Purely and simply, I love the spontaneous drama of this shot. It has accidental classical connotations with the expression being derived from the choice of mask – tragic or comic – and in that sense, contains the essence of tragicocomedia. If I may say so myself, I think the vectors in this image are great. The eyes are so expressive in their diagonal focus, while the position of the hands, the direction of the forearms and the tilt of the shoulders, like a rolling boxer, lend the image a light, dancing quality in contrast with the darker mood of the mask.

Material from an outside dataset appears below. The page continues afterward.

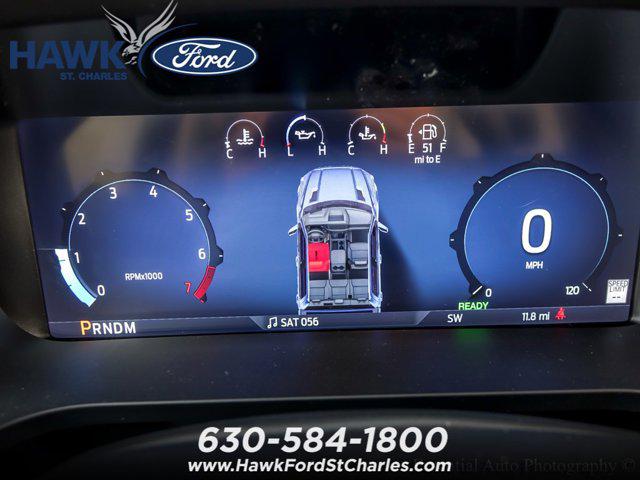 صورة مصغرة 13 لـ 2026 FORD F-150 XLT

The tender and self-absorbed manner in which the young girl is examining herself, has real pathos – both delicate and sad. The polar-necked woolen top was a fortunate choice in that it situates the mask so seamlessly, making these two elements a natural fit despite their obvious contextual differences. The juxtaposition of the masks on one side and humans on the other also frames the subject with the two worlds married in the middle. The bandaid on the subject’s forefinger is a cute reminder of the everyday divide from the decadent glamour of the Venetian Carnivale.
I was drunk when I took this photograph. Drifting around Venice in gorgeous sunshine, toting a two litre bottiglia of vino da tavola and smoking way too many cigarettes. It was the last day of an eight-day campaign across northern Italy and I really felt like cutting loose. I remember that day very vividly as one on which I spent a lot of time looking for public toilets and took some of the best photographs I’ve ever taken. Around two in the afternoon, I took a prime position at the peak of the Rialto and shot down the grand canal for the next couple of hours. This shot was taken just prior to that, on the approach to the Rialto Bridge.